## THE PROBLEM:
In the entries below, find the line with "157 S Springfield Street Welch OK 74369" and the line with "DANIU Peep Hole", then retype both and everything between them exactly. Do not copy the pictures.

## RECORDS TO USE:
━━━━
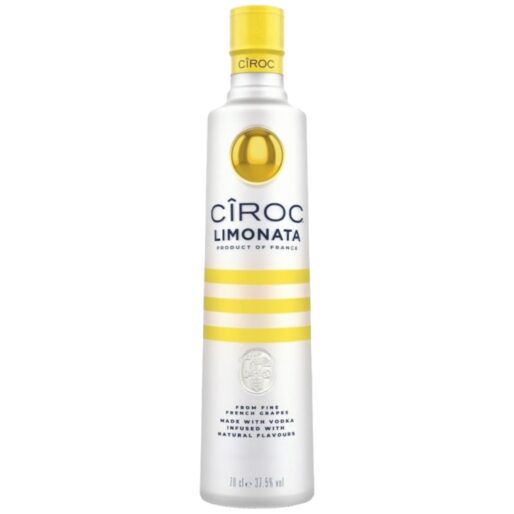 Cîroc Vodka Limonata 70CL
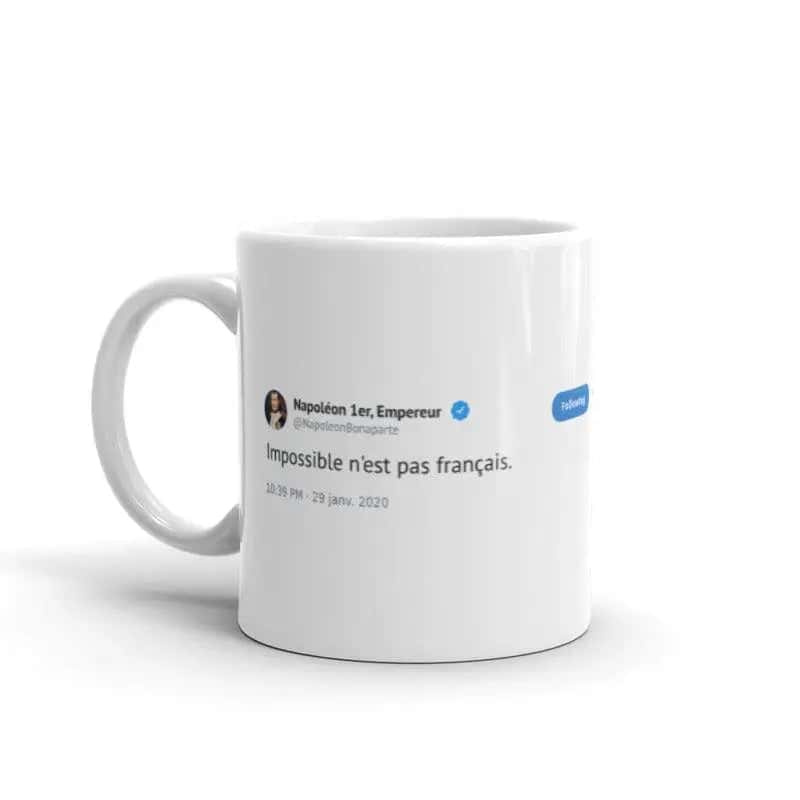 Tweet Kupa <Br>Napolyon "İMkansiz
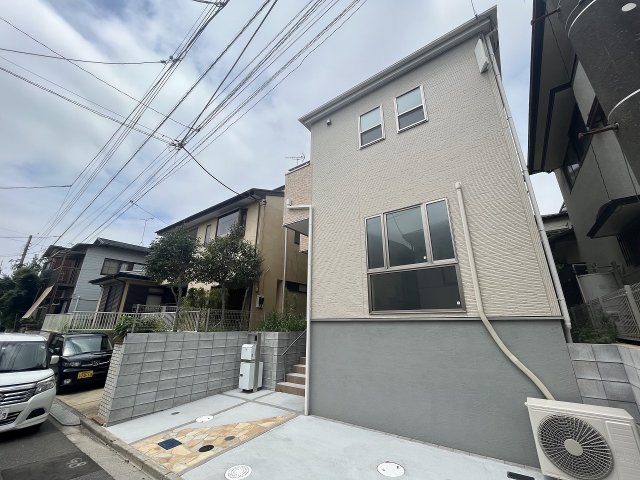 29/30 駐車場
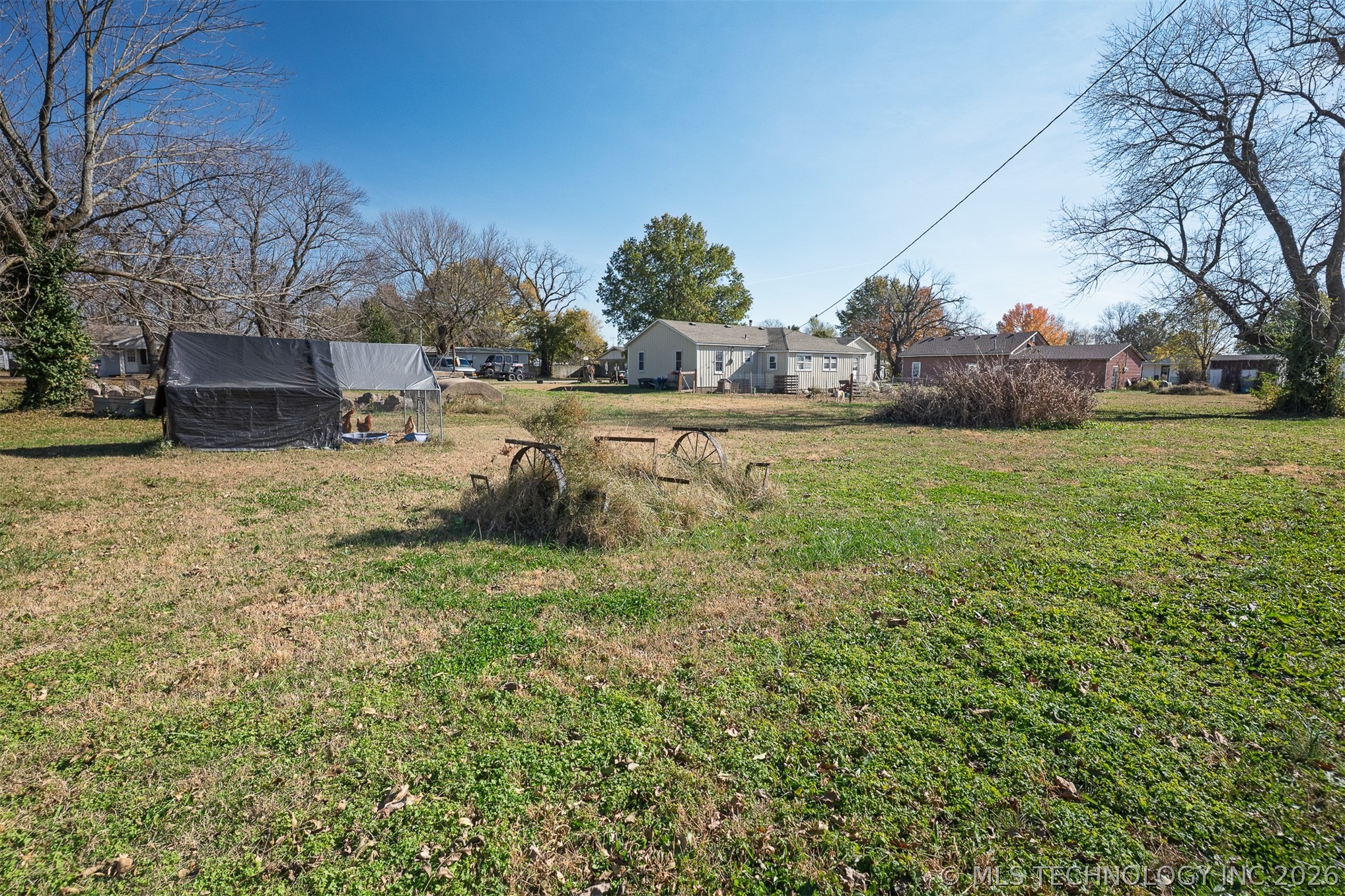 157 S Springfield Street Welch OK 74369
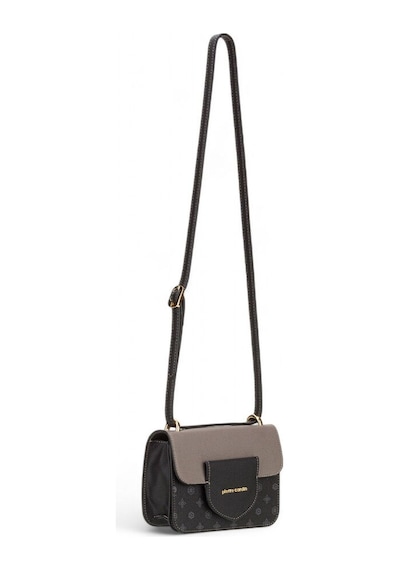 Pierre Cardin Monogram Siyah Kadın Çapraz Askılı Çanta 05pc24k811-mn Siyah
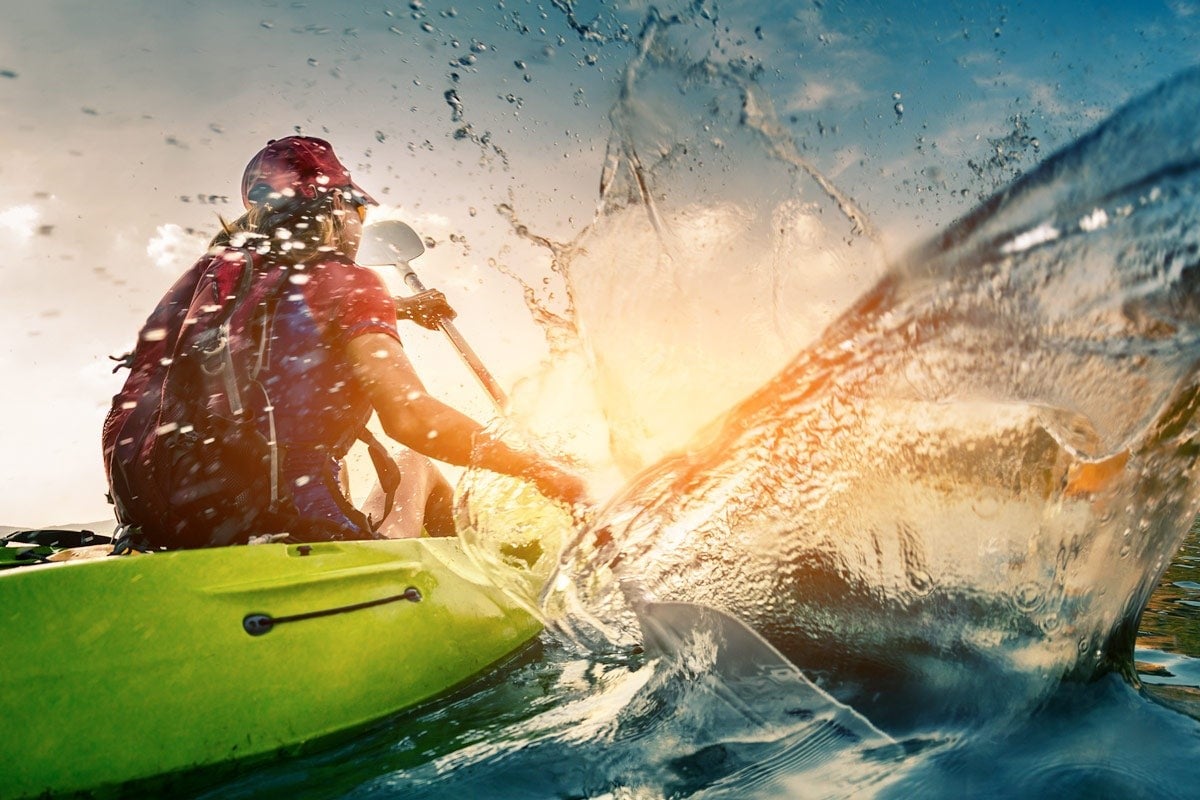 Kayaking off the Coast of Lima - Imagen 4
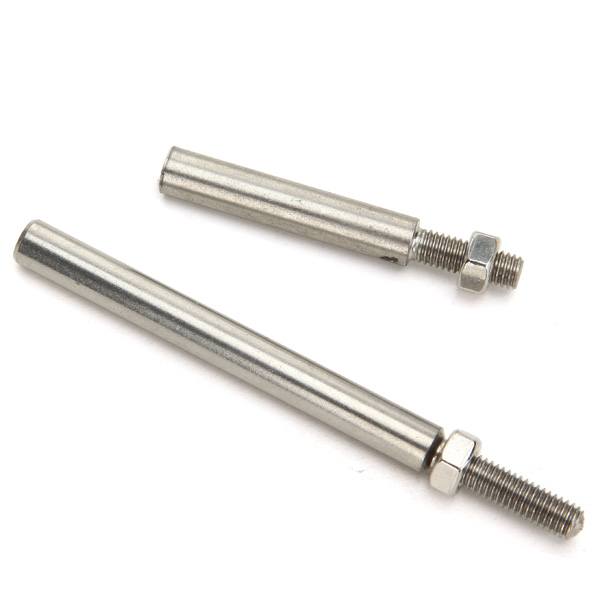 DANIU Peep Hole Open Manipulator Civil Locksmith Tool Cat Eye Lock Pick Tools - photo 7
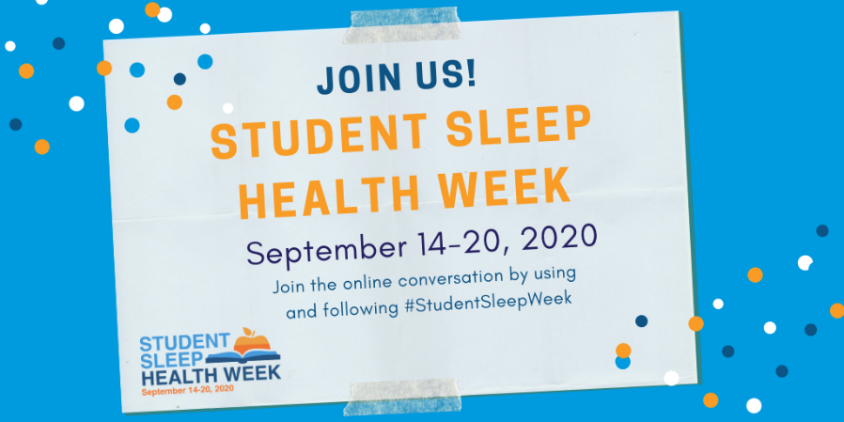 Project Sleep (@project_sleep) on Twitter photo As students start school in unique circumstances this fall, this is a critical time to talk about students' sleep. We are proud to join <a href="/AASMorg/">American Academy of Sleep Medicine</a> & partners to support first-ever Student Sleep Health Week Join the conversation using #StudentSleepWeek! project-sleep.com/project-sleep-… As students start school in unique circumstances this fall, this is a critical time to talk about students' sleep. We are proud to join <a href="/AASMorg/">American Academy of Sleep Medicine</a> & partners to support first-ever Student Sleep Health Week Join the conversation using #StudentSleepWeek! project-sleep.com/project-sleep-…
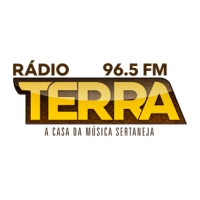 Rádio Terra FM - 96.5 FM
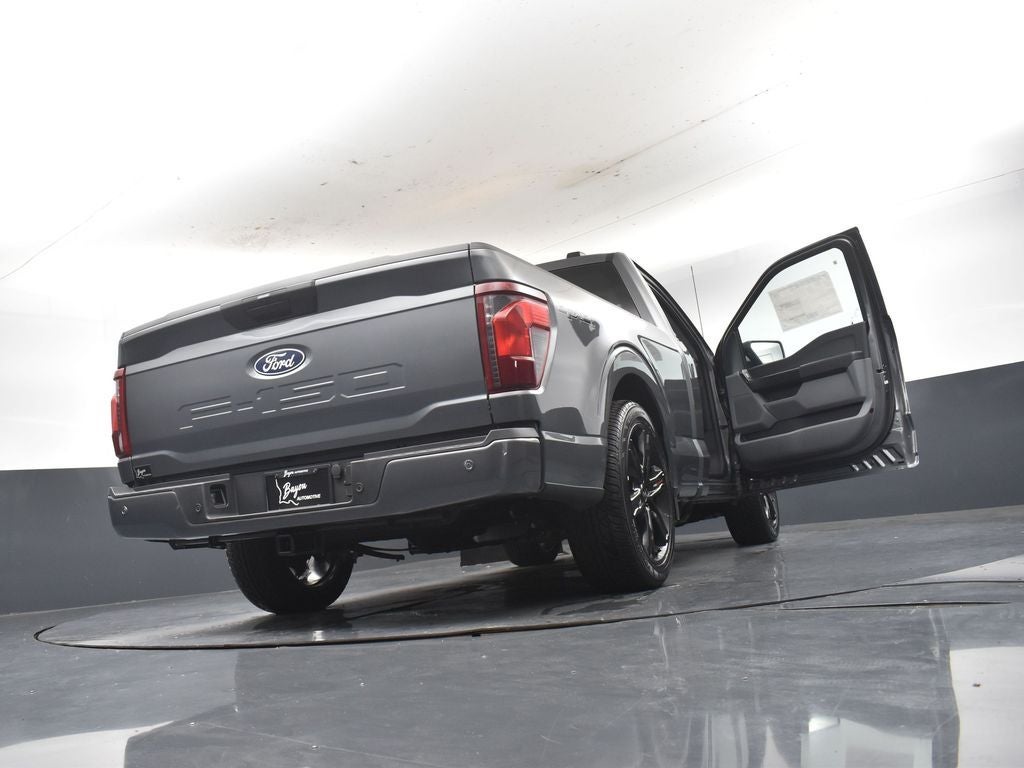 2025 Ford F-150 XL Supercharged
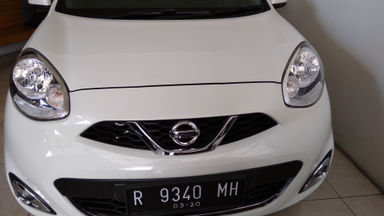 2014 Nissan March 1.2 - Mulus Terawat (s-0) 2014 Nissan March 1.2 - Mulus Terawat (s-0)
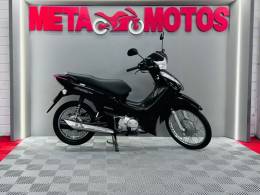 HONDA - BIZ 125 - 2012/2013 - Preta - R$ 11.900,00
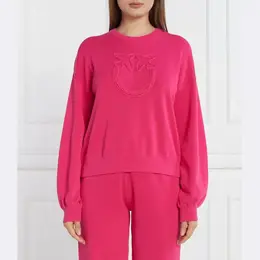 Pinko: Розовая толстовка 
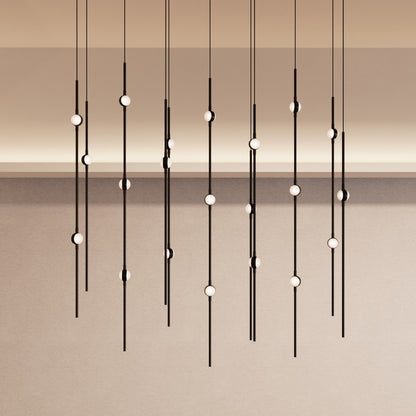 Constellation Chandelier 35"W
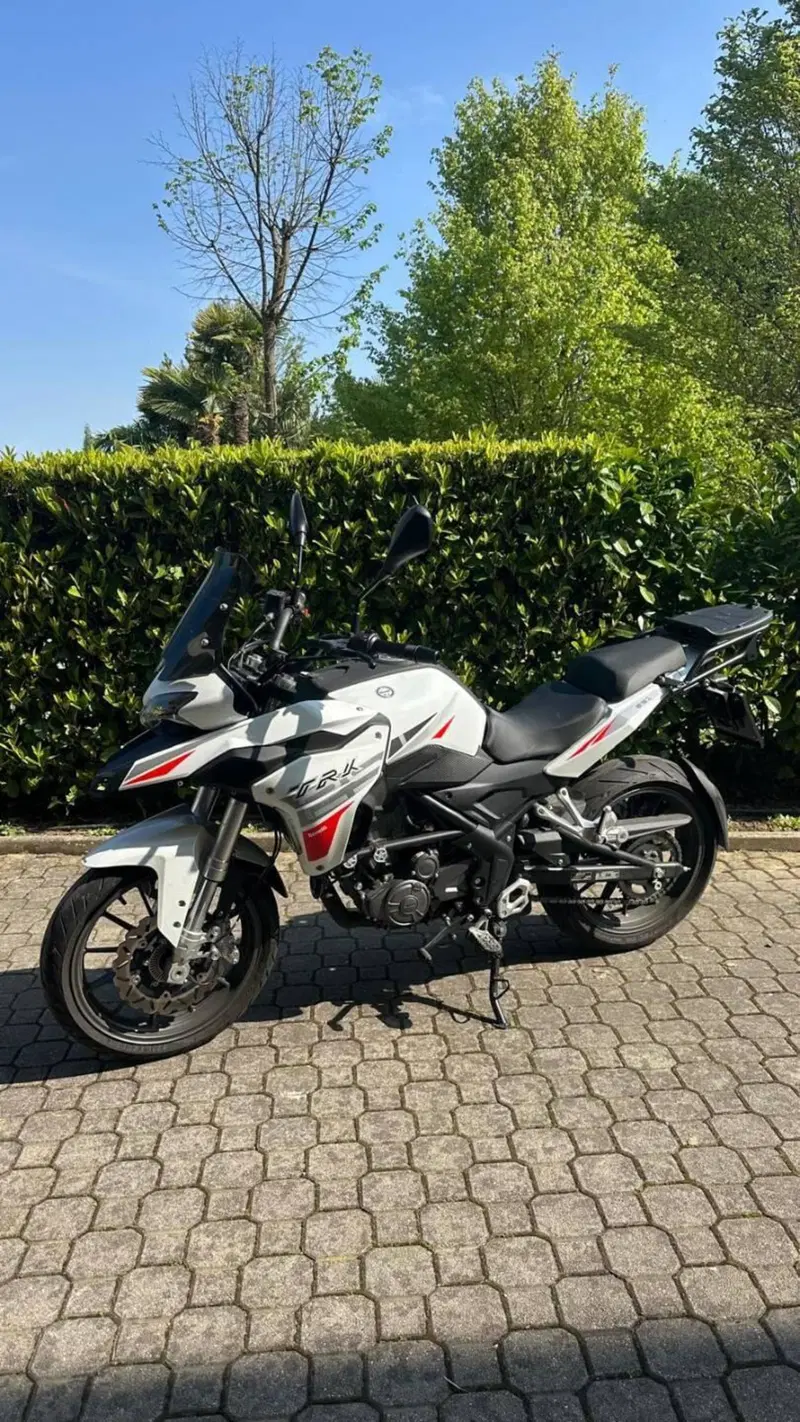 Benelli TRK 251 (2022 - 25)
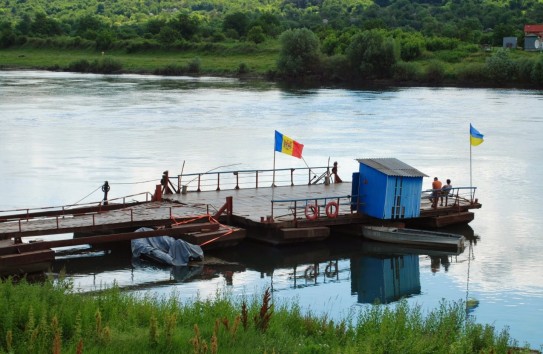 {Как Цекиновка чуть не стала столицей Молдо-Украины} Молдавские Ведомости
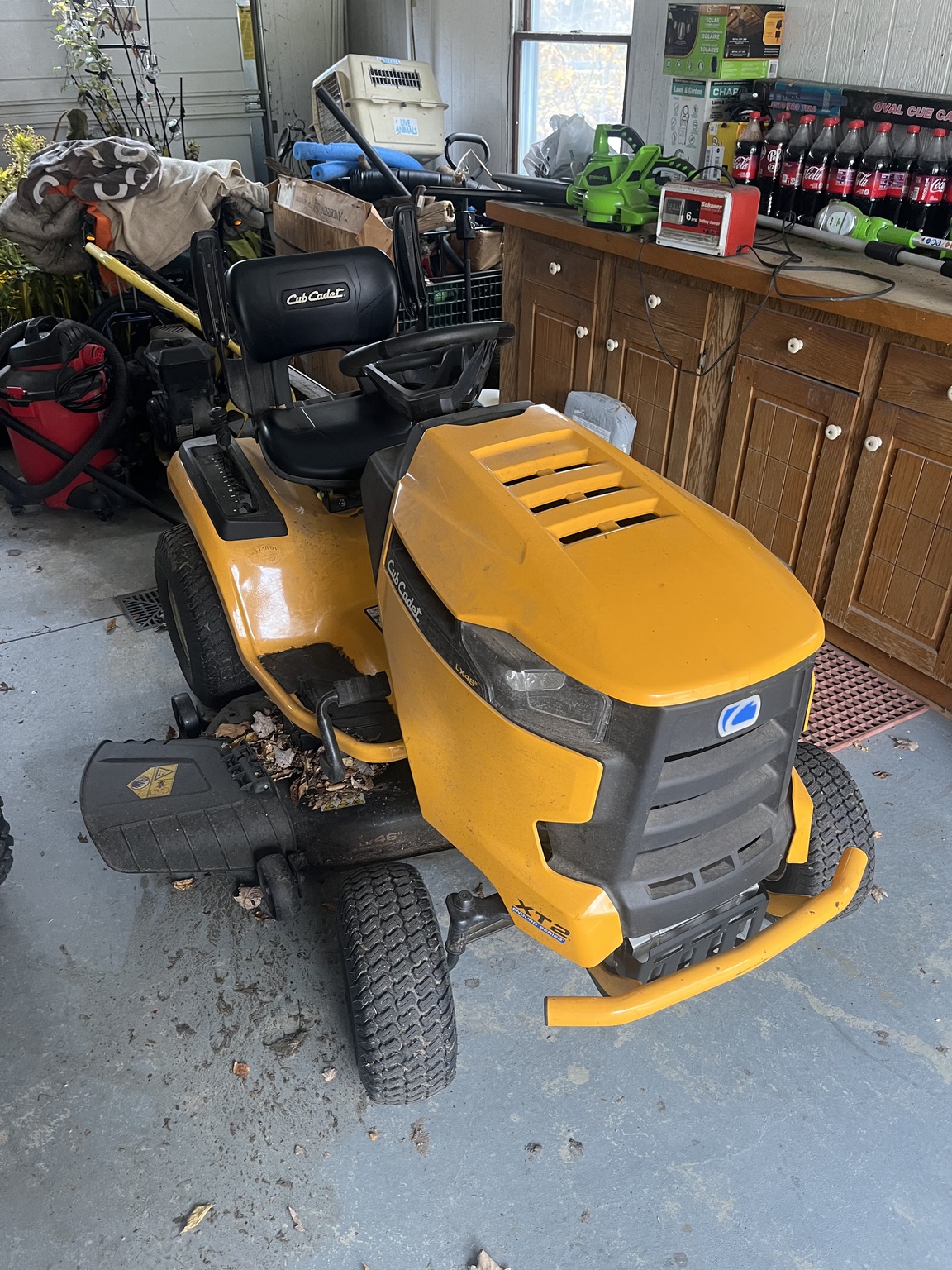 2020 Cub Cadet LX46 KH Image 1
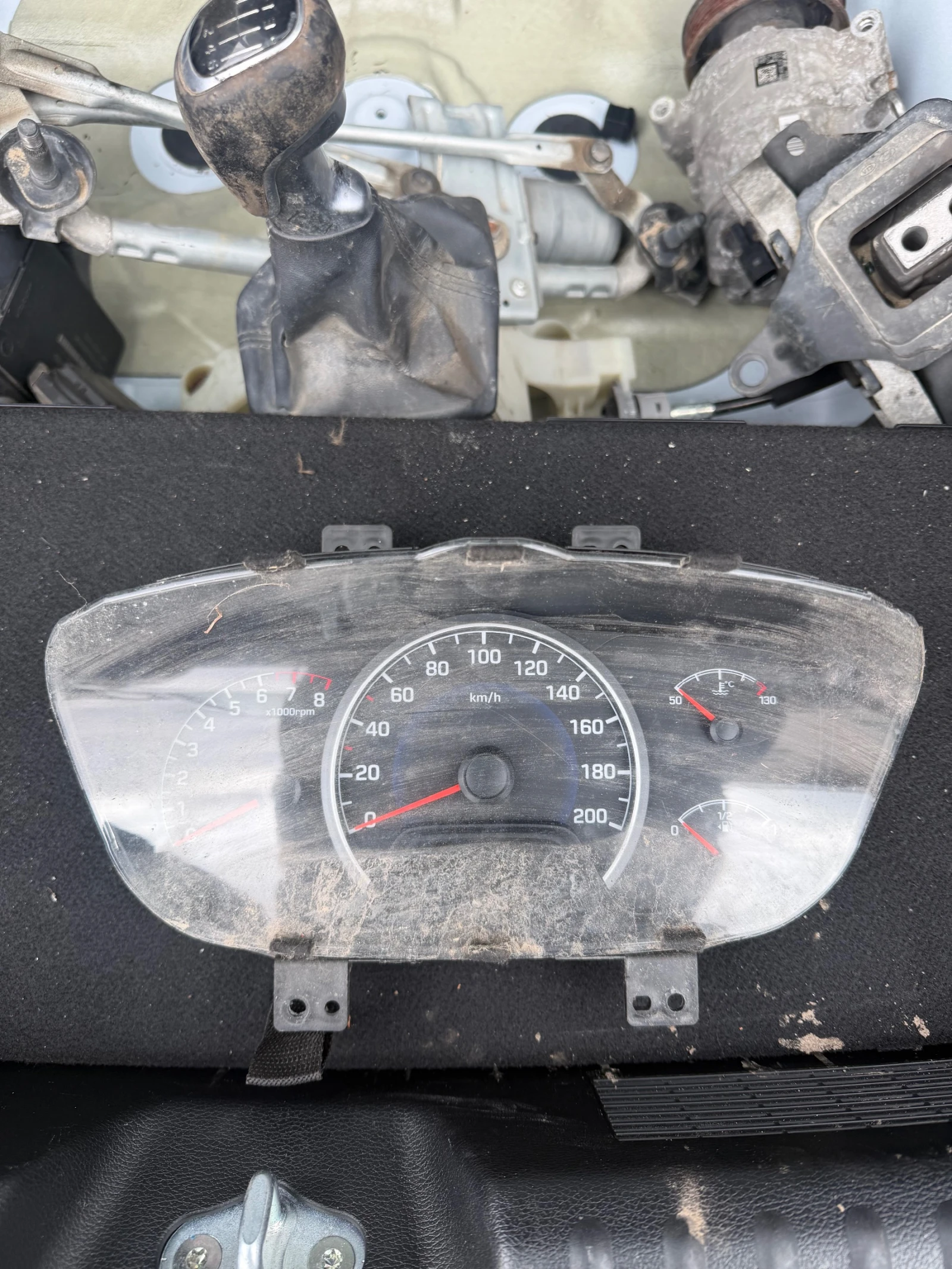 Hundai I10 2015г километраж 10А855-А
━━━━
## COMPLETED EXERCISE:
 157 S Springfield Street Welch OK 74369
 Pierre Cardin Monogram Siyah Kadın Çapraz Askılı Çanta 05pc24k811-mn Siyah
 Kayaking off the Coast of Lima - Imagen 4
 DANIU Peep Hole Open Manipulator Civil Locksmith Tool Cat Eye Lock Pick Tools - photo 7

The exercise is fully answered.